In November 1981, the Israeli government
dismissed the nationalist mayors, including Shakaa. But that was not the end of his struggle which, following the formation of the PA in Ramallah in 1994, acquired a new impetus.
Shakaa challenged the PA’s corruption and subservience to Israel. His frustration with the PA led him to help draft and to sign, in 1999, a “Cry from the Homeland”, which denounced the PA for its “systematic methodology of corruption, humiliation and abuse against the people.” As a result, the PA placed Shakaa, then 70, under house arrest.

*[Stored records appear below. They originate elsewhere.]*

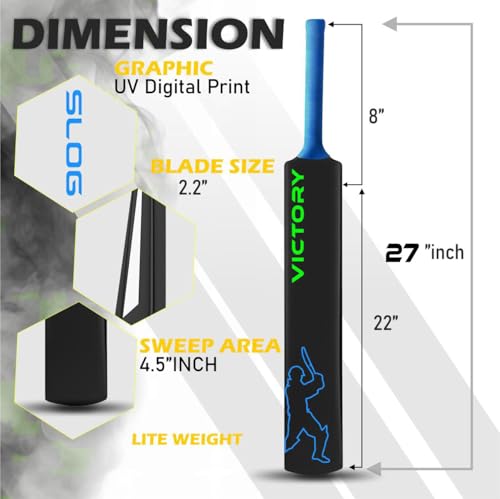 Image of Victory Slog Plastic Cricket Bat Full Size Series (34 X 4.5 Inch) Bat for All Age Group |Best for Practicing-Recommended to Play with Soft Rubber, Tennis,Wind Ball (Junior Slog 3No (Upto 8 Year))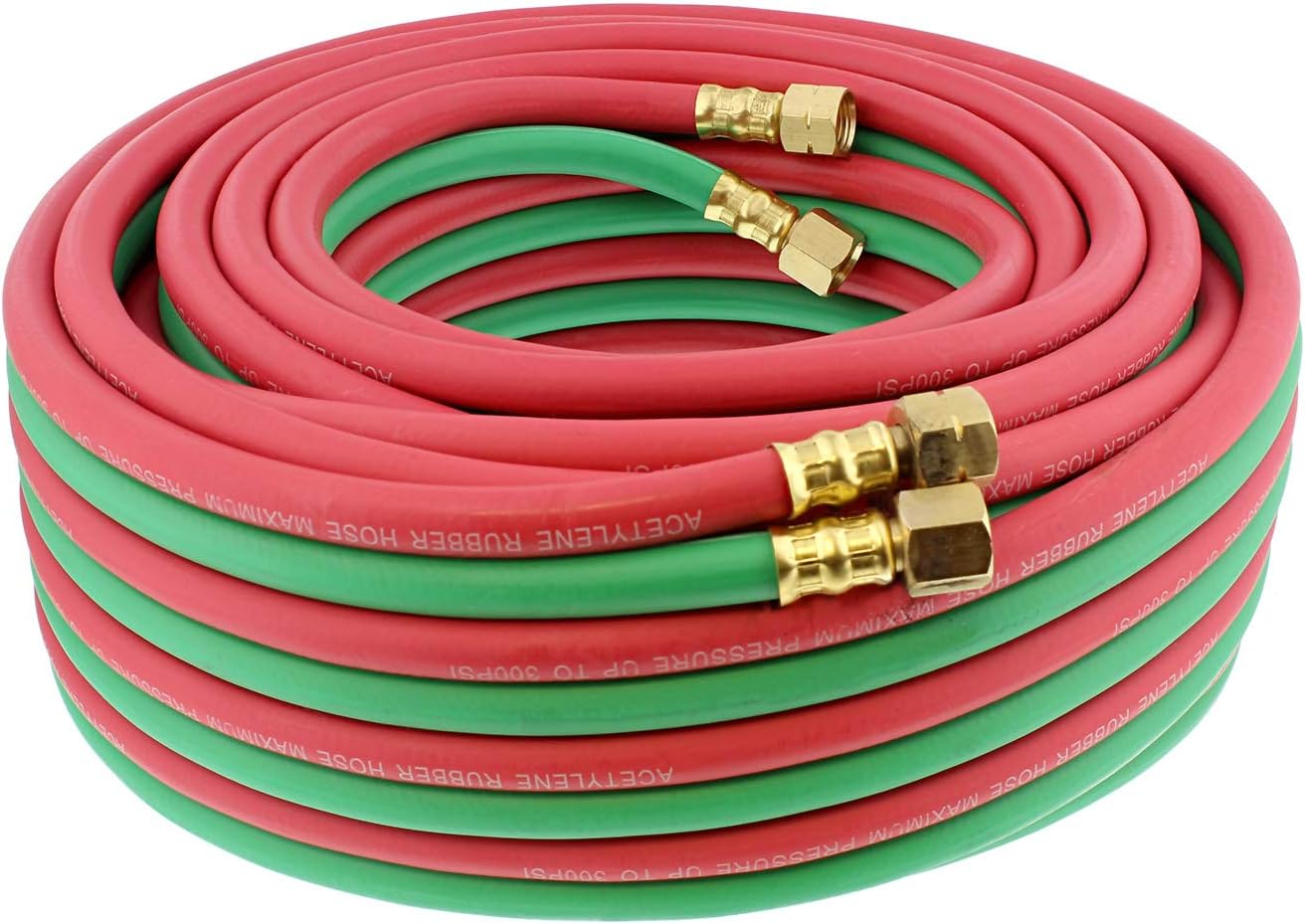 ABN Oxygen Acetylene Hose 1/4 Inch B Fittings Twin Welding Hose Oxy Acetylene Torch Hose Cutting Torch Hoses, 25 Foot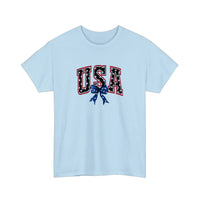 USA Varsity Star Bow Tee — Light Blue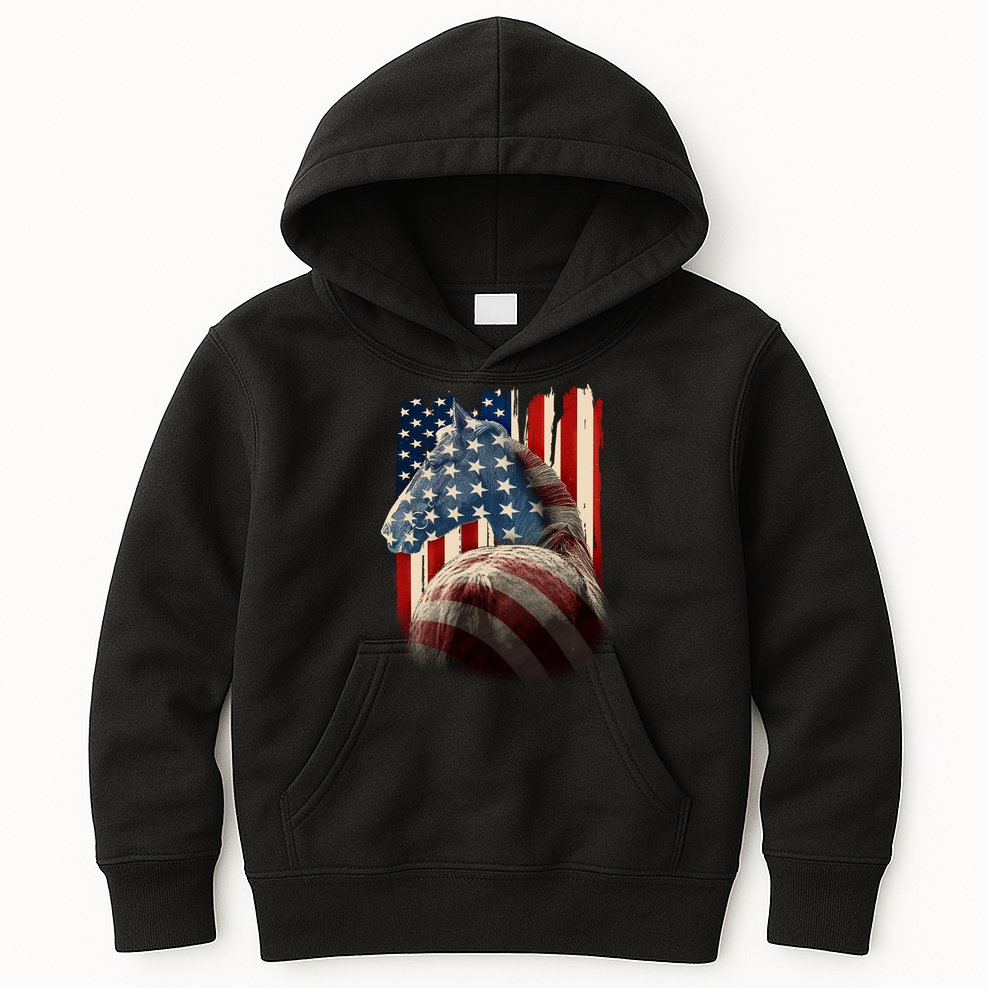 Vintage USA American Flag Horse Kids Hoodie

However, it was that very movement created by Shakaa, Khalaf and their peers that sowed the seeds for the popular Palestinian uprising in 1987. In fact, the ‘First Intifada’ remains the most powerful popular movement in modern Palestinian history.
May Shakaa rest in peace and power, now that he has fulfilled his historic mission as one of Palestine’s most beloved leaders and true organic intellectuals of all times.
Feature photo | Bassam Al Shakaa poses in front of an Israeli police vehicle just one week after being released from an Israeli jail.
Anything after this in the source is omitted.